Bramson Candace, Ouellet Daniele, Roman Doina, Randinitis Edward, Gardner Mark J
Pfizer Global Research and Development, 2800 Plymouth Road, Ann Arbor, MI 48105, USA.
J Clin Pharmacol. 2006 Jan;46(1):29-36. doi: 10.1177/0091270005283278.
Lasofoxifene, a selective estrogen receptor modulator for osteoporosis management, is metabolized primarily by hepatic oxidation and conjugation. This study compared the pharmacokinetics of 0.25 mg lasofoxifene in subjects with mild (Child-Pugh grade A, n = 6) or moderate (Child-Pugh grade B, n = 6) hepatic impairment and healthy volunteers (n = 6). Analysis of variance was used to calculate 90% confidence intervals for the ratios (impaired/healthy) of least squares mean log maximum plasma concentration (C(max)) and area under the curve (AUC) values. Lasofoxifene pharmacokinetics was similar between healthy and mild hepatic impairment subjects: ratios of C(max) and AUC from 0 to infinity (AUC([0-infinity])) were 101% (75.0-138) and 95.5% (77.9-117), respectively. In subjects with moderate hepatic impairment, ratios of C(max) and AUC([0-infinity]) were 121% (89.6-165) and 138% (112-169), respectively; mean terminal half-life was 252 hr compared to 193 hr in healthy subjects. Dose adjustment should not be required for subjects with mild to moderate hepatic impairment.

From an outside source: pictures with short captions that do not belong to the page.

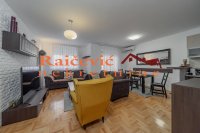 Nekretnina: VOZDOVAC Generala Ljubomira Milica ID: 92400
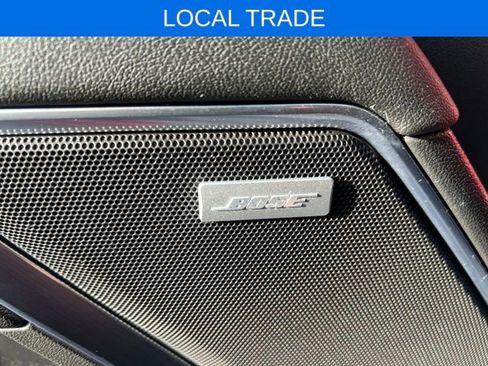 Used 2024 Chevrolet Silverado 1500 RST w/ Convenience Package II image 34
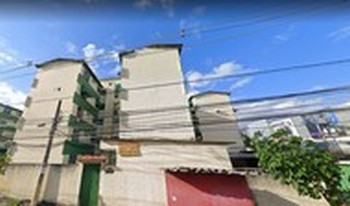Imagem de fundo do condomínio Condomínio Vista Alegre - Centro - Nova Iguaçu - RJ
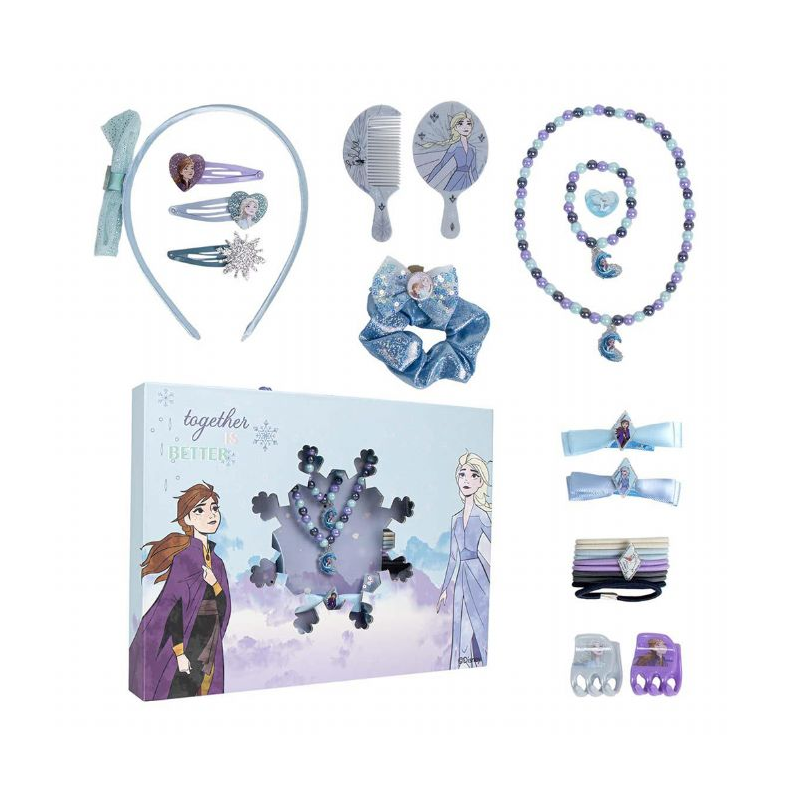 Frost Beauty box m. 24 dele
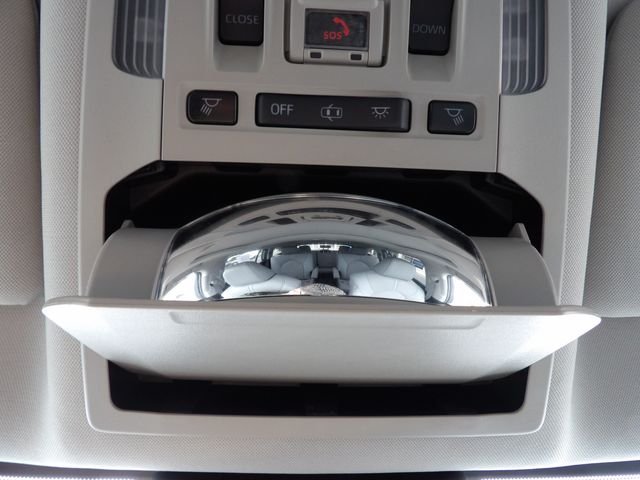 Used 2020 Celestial Silver Metallic Toyota Limited image 40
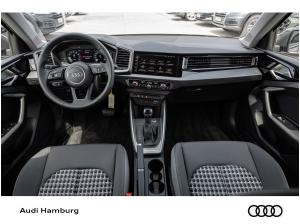 Audi A1 Sportback advanced 30 TFSI 85(11 6) kW(PS) S tronic ***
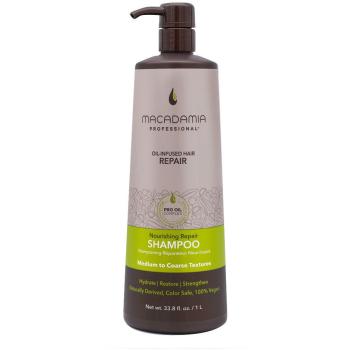 Shampoo Hidratante Macadamia 1000ml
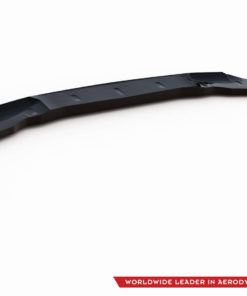 Etusplitteri (V1) BMW 2 Coupe M-Pack / M240i G42, Maxton-5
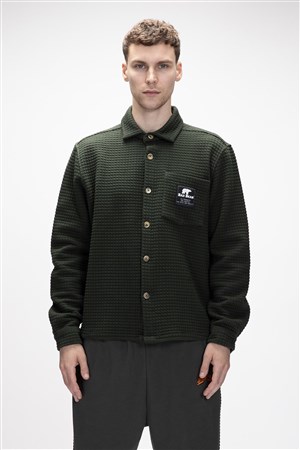 Bad Bear Diez Erkek Gömlek 25.01.30.020-C164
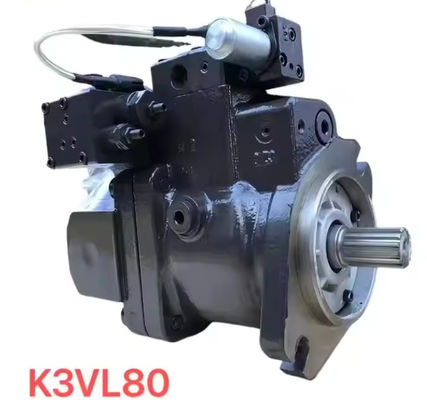 K3Vl45b K3Vl28 K3Vl45 K3Vl80 K3Vl112 K3Vl140 K3Vl200 серия экскаватор главный поршневый насос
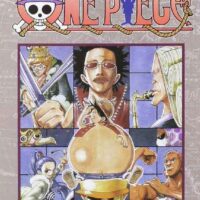 one piece new edition 13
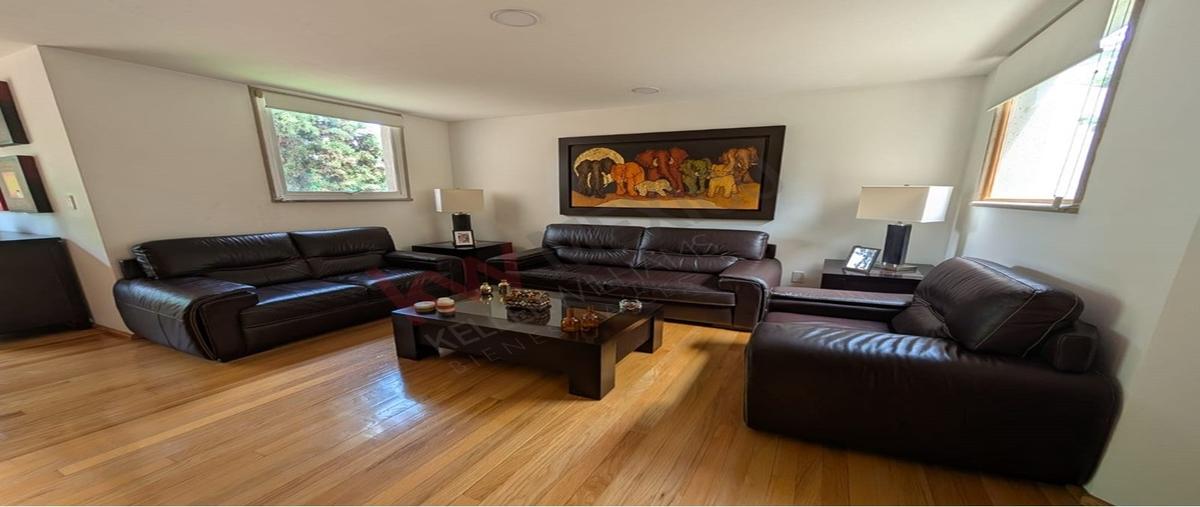 Foto de casa en venta en redencion indigena 52, san jerónimo lídice, la magdalena contreras, df / cdmx, 30356626 No. 05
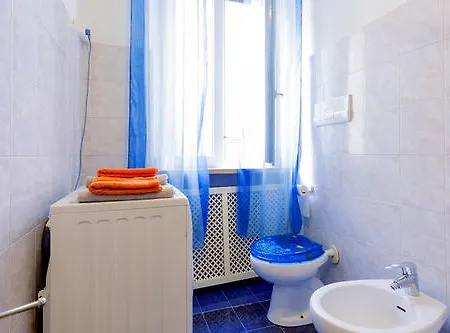 Nido Apartmán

拉索昔芬是一种用于治疗骨质疏松症的选择性雌激素受体调节剂,主要通过肝脏氧化和结合进行代谢。本研究比较了0.25毫克拉索昔芬在轻度(Child-Pugh A级,n = 6)或中度(Child-Pugh B级,n = 6)肝功能损害患者及健康志愿者(n = 6)中的药代动力学。采用方差分析计算最小二乘均值对数最大血浆浓度(C(max))和曲线下面积(AUC)值的比值(肝功能损害组/健康组)的90%置信区间。健康受试者与轻度肝功能损害受试者的拉索昔芬药代动力学相似:C(max)和0至无穷大的AUC(AUC([0-无穷大]))的比值分别为101%(75.0 - 138)和95.5%(77.9 - 117)。在中度肝功能损害患者中,C(max)和AUC([0-无穷大])的比值分别为121%(89.6 - 165)和138%(112 - 169);平均终末半衰期为252小时,而健康受试者为193小时。轻度至中度肝功能损害患者可能无需调整剂量。